Bratwurst
Categories
Traditional German bratwurst are made up of a finely ground mixture of pork and veal. The fine grind and meat mixture gives the sausages a lighter, almost fluffy texture. Some German recipes will use milk and eggs to enhance that fluffy, light texture.
Recipe from the Curious Cuisiniere
What you need
1 ¾ lb boneless pork shoulder, cubed
¼ lb boneless beef shoulder, or veal stew meat, cubed
½ c powdered milk
1 tsp salt
1 tsp nutmeg
½ tsp ground black pepper
½ tsp marjoram
¼ tsp ground mace
¼ tsp ground ginger
1 egg
1/3 c milk
4-5 feet hog casing for fresh sausage, rinsed
Instructions
- Grind the pork and beef cubes in your meat grinder using a fine grinding plate.

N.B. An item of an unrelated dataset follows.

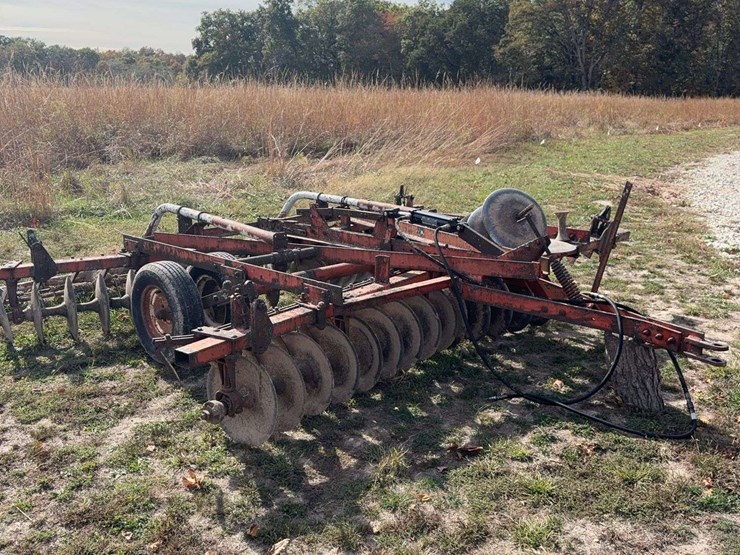 14ft-pull-type-hyd.-disk,-tandem-axle,-newer-tires,-newer-cylinder,-was-using-this-fall,-now-needs-a-new-bearing-and-shaft-on-front-left-side-image-2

- Place the ground meat into a large bowl and add the powdered milk and seasonings. Using your hands, mix the seasonings into the meat.

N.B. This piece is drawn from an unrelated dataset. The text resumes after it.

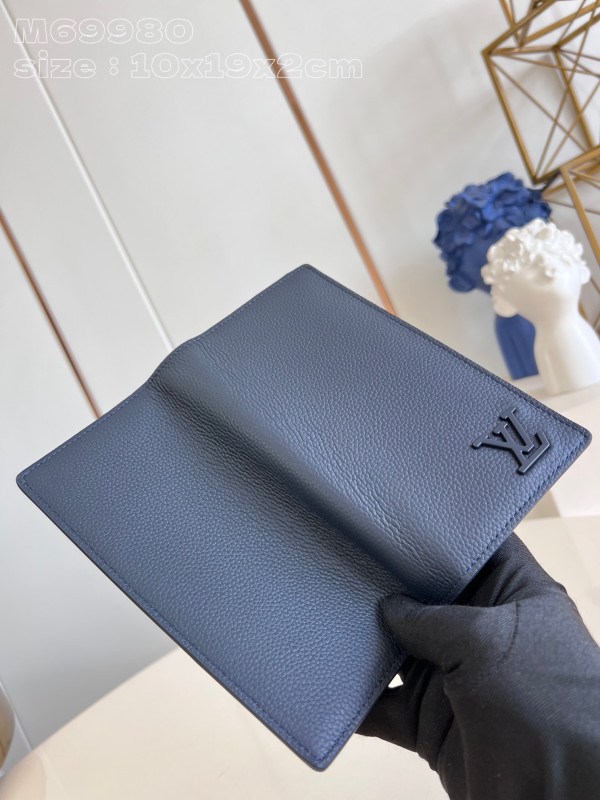 l**is V*t*n brazza wallet-10*19*2cm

- Add the egg and milk. Mix, with your hands, until the mixture is evenly moist.*
- Prepare your sausage stuffer and your hog casings. Stuff your sausage mixture into the casings as directed by your sausage stuffer.
- Once all the sausage meat has been used, twist the sausage into 8 links and tie off the end of the casing.
- Prepared sausage can be stored for up to one week in the refrigerator before cooking.